Esto plantea un problema esencial. Hemos dicho que no se puede creer que Heráclito sea (ni, desde luego, que el creyese que era) un ilu­minado, un teósofo o un médium. Varios elementos de sus textos (sin ir más lejos, el hecho de que se mencione en ellos a personajes históricos, en estilo de invectiva) muestran claramente que Heráclito no confunde su trabajo del lenguaje con una tarea sagrada. Heráclito sabe que hay una distancia entre el texto humano y lo divino, y su relación con ello es la de la ironía. Que, según la leyenda, depositase su libro en el templo de Arte­mis, no prueba otra cosa. Al contrario: es propio de los libros iluminados querer manifestarse al mundo, o a los fieles seguidores, que están dispues­tos a considerar sagradas las palabras del Maestro. ¿Qué pensaba Pitágoras de su propio discurso? Desde luego, como sabemos, sus seguidores le consideraron divino, dotado del don de la ubicuidad y otros milagros. Sus palabras eran, al menos exotéricamente, incuestionables: αὐτὸς ἔφα, “él dijo”, es la expresión de los pitagóricos para referirse a las palabras del maestro. ¿Habría creído Pitágoras, según Heráclito, que sus textos eran sagrados? En ese caso, desde luego, sería, para Heráclito, un embaucador, y ello precisamente mediante el uso de la retórica, lo que permitiría leer de la doble manera nuestro fragmento.

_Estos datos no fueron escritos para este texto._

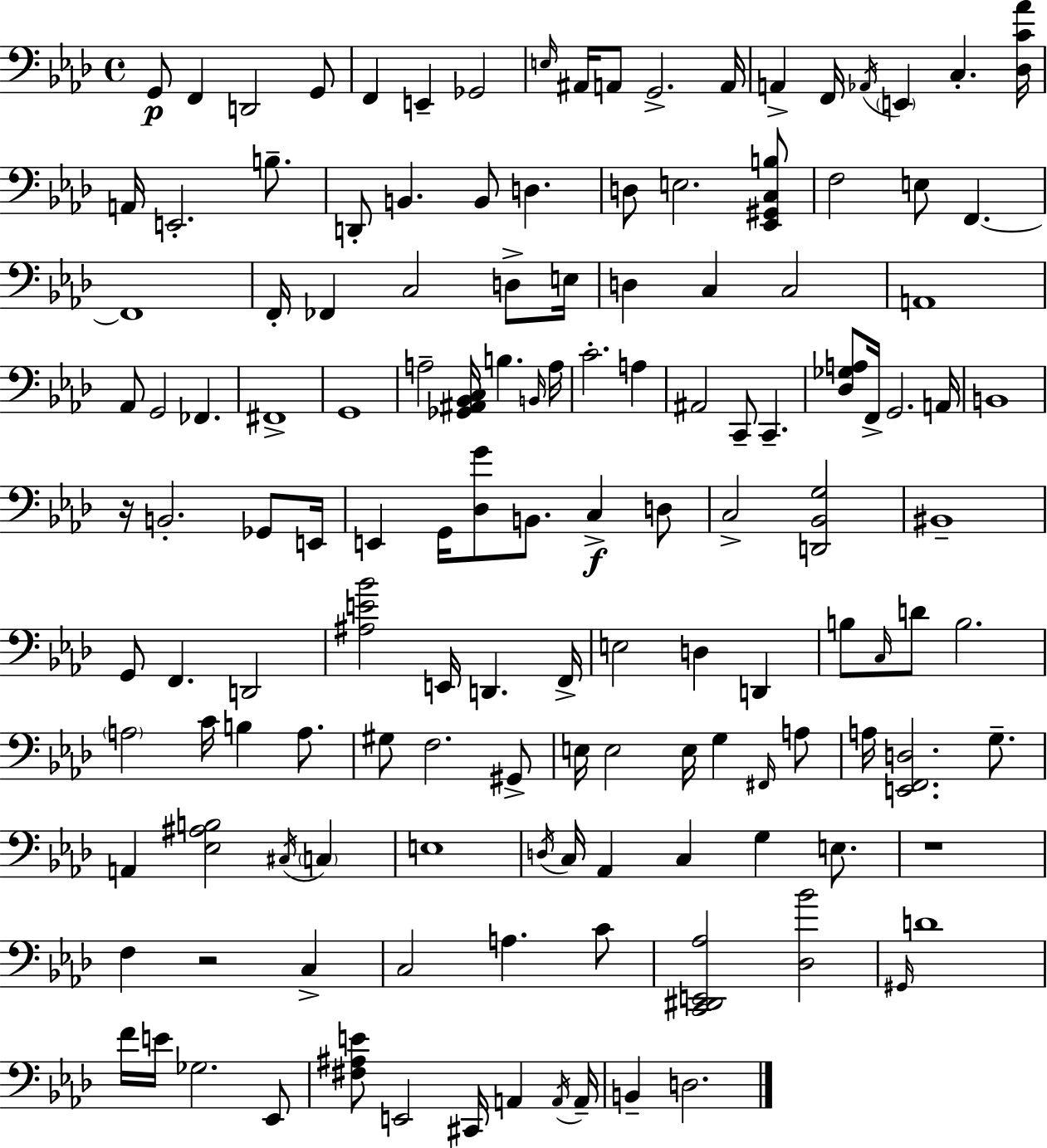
G2/e F2/q D2/h G2/e F2/q E2/q Gb2/h E3/s A#2/s A2/e G2/h. A2/s A2/q F2/s Ab2/s E2/q C3/q. [Db3,C4,Ab4]/s A2/s E2/h. B3/e. D2/e B2/q. B2/e D3/q. D3/e E3/h. [Eb2,G#2,C3,B3]/e F3/h E3/e F2/q. F2/w F2/s FES2/q C3/h D3/e E3/s D3/q C3/q C3/h A2/w Ab2/e G2/h FES2/q. F#2/w G2/w A3/h [Gb2,A#2,Bb2,C3]/s B3/q. B2/s A3/s C4/h. A3/q A#2/h C2/e C2/q. [Db3,Gb3,A3]/e F2/s G2/h. A2/s B2/w R/s B2/h. Gb2/e E2/s E2/q G2/s [Db3,G4]/e B2/e. C3/q D3/e C3/h [D2,Bb2,G3]/h BIS2/w G2/e F2/q. D2/h [A#3,E4,Bb4]/h E2/s D2/q. F2/s E3/h D3/q D2/q B3/e C3/s D4/e B3/h. A3/h C4/s B3/q A3/e. G#3/e F3/h. G#2/e E3/s E3/h E3/s G3/q F#2/s A3/e A3/s [E2,F2,D3]/h. G3/e. A2/q [Eb3,A#3,B3]/h C#3/s C3/q E3/w D3/s C3/s Ab2/q C3/q G3/q E3/e. R/w F3/q R/h C3/q C3/h A3/q. C4/e [C2,D#2,E2,Ab3]/h [Db3,Bb4]/h G#2/s D4/w F4/s E4/s Gb3/h. Eb2/e [F#3,A#3,E4]/e E2/h C#2/s A2/q A2/s A2/s B2/q D3/h.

Pero nuevamente esto debe ser puesto en coherencia con la acusación de erudición vana que Heráclito dirige contra Pitágoras. El mucho saber no enseña comprensión, y puede incluso hacer creer a sus poseedores que tienen algún conocimiento sagrado, lo que es coherente con que crean en una solución final para el drama humano y tengan una promesa de paz para sus seguidores. La auténtica sabiduría es ajena a todo eso: lo que Apolo dice es la convergencia en la divergencia, como en el arco y la lira.